Many of the wheelchair and stretcher vans used for non-emergency medical transport in Georgia where designed for 15 passengers, but retrofitted to accommodate medical equipment. Burkey said retrofitted or not, they should still be held to the federal standard.

"I think the industry's seeking to exploit a loophole," Burkey said.

Alexander said each vehicle is inspected by Southeastrans every six months in addition to random inspections, as required in the contract with the state.

Diamant asked DCH Director of Transportation James Peoples how frequently the state audits the contracted brokers’ inspection and training records.

"When we go out and do our inspections on that contractor we look for that documentation," Peoples said.

"Well, how often are you in there auditing?" Diamant asked.

"We go out as often as we like," Peoples replied.

"OK, but how often?" Diamant asked

"Multiple times in a year, it kinda just depends," Peoples said.

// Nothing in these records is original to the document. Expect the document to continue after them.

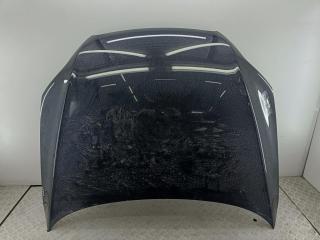 капот Audi Q7 4L [рестайлинг] 2011, 3.0 л., бензин, АКПП, чёрный, внедорожник 5 дв.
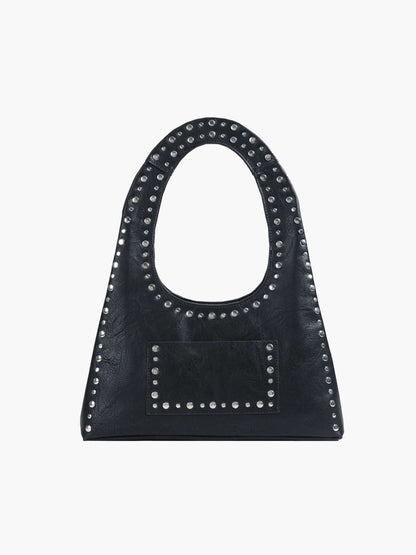 Stefani Studded Tote Bag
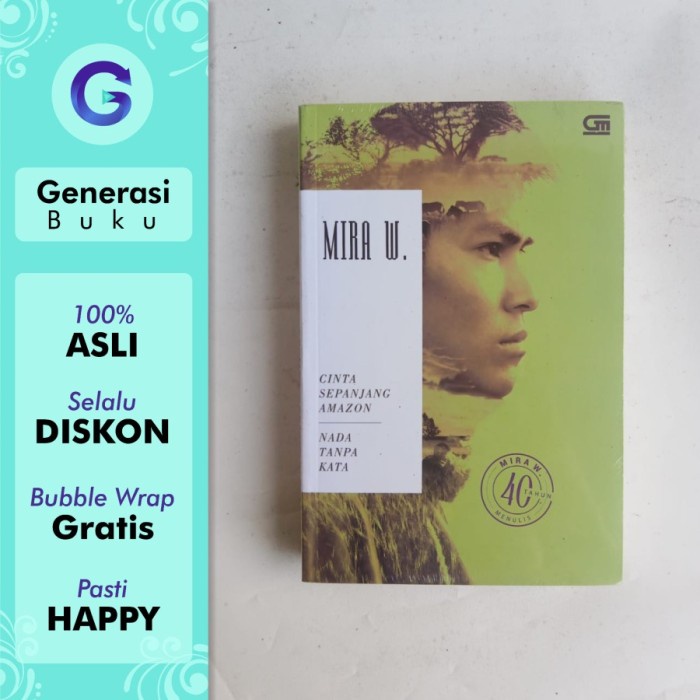 

MUST HAVE!! CINTA SEPANJANG AMAZON OLEH MIRA W. - GRAMEDIA BPS TERBARU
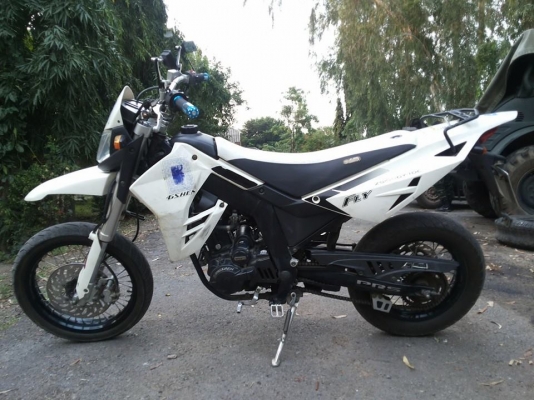 Ryuka Fly 150 cc (แนวโมตาด) เดิมๆ ครับ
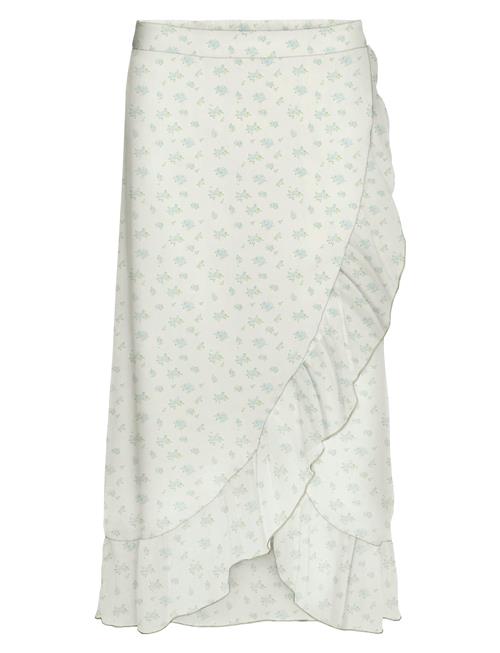 Vero Moda | Vmsmilla H/W Wrap Skirt Wvn Ga | XS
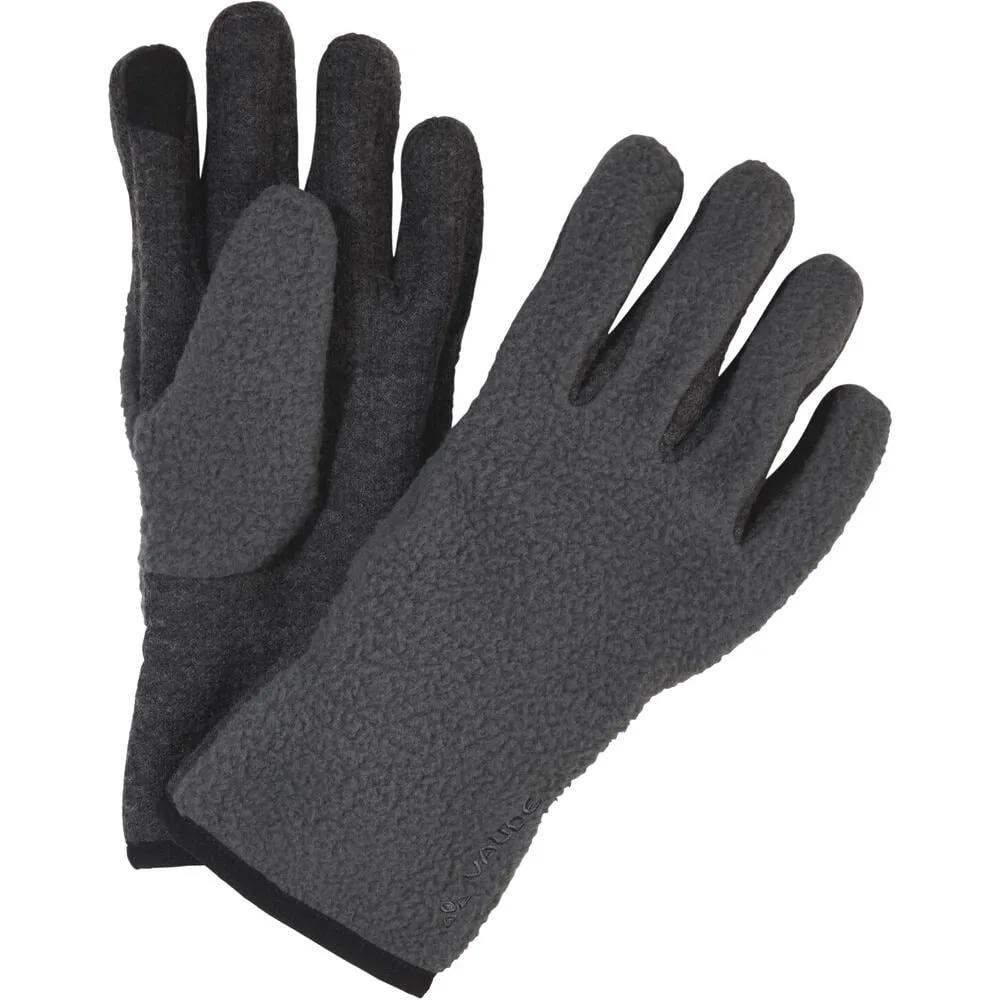 Womens tinshan v guantes montaña Negro (8) - VAUDE - FashionsVida
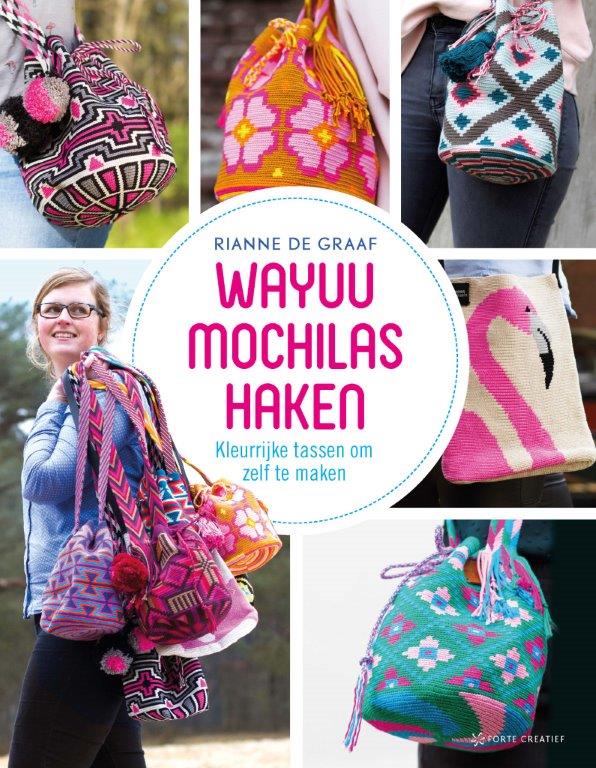 Omslag van Wayuu mochilas haken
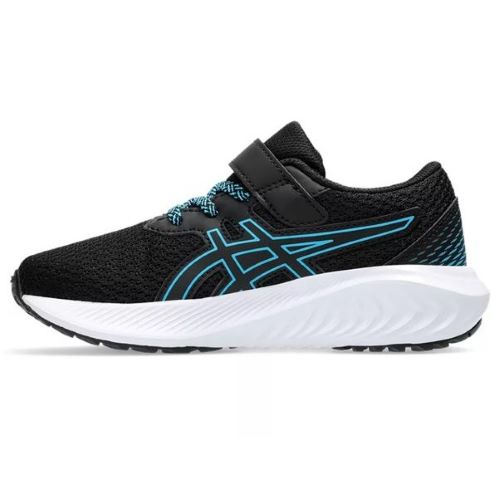 Asics Kids Pre Excite 10 PS Black/Digital Aqua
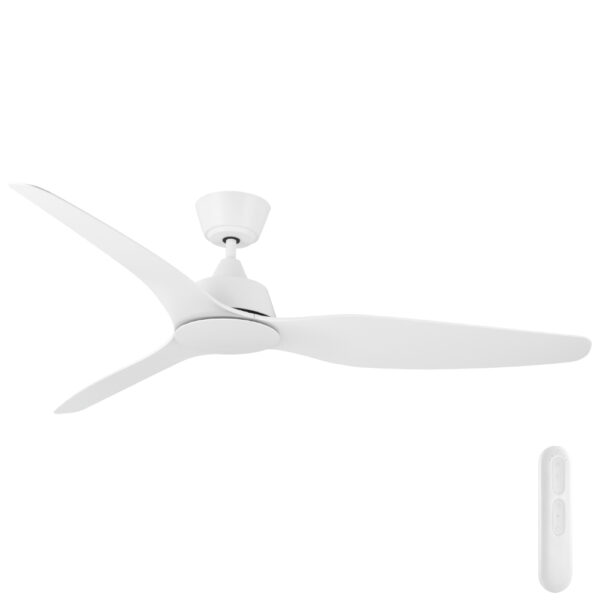 mercator-guardian-ip55-dc-ceiling-fan-with-remote-white-56 Mercator Guardian IP55 DC Ceiling Fan with Remote - 56″ (White)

When asked about possibly enforcing federal policies, Alexander said he would follow the state’s lead.

"We don't write the rules, so if the state would change that, we would certainly do our part to comply with the regulation," Alexander said.

Until then, Sharon Bright hopes her lawsuit, win or lose, serves as a spotlight.

"For me it would mean that my mom's death was not in vain," Bright said.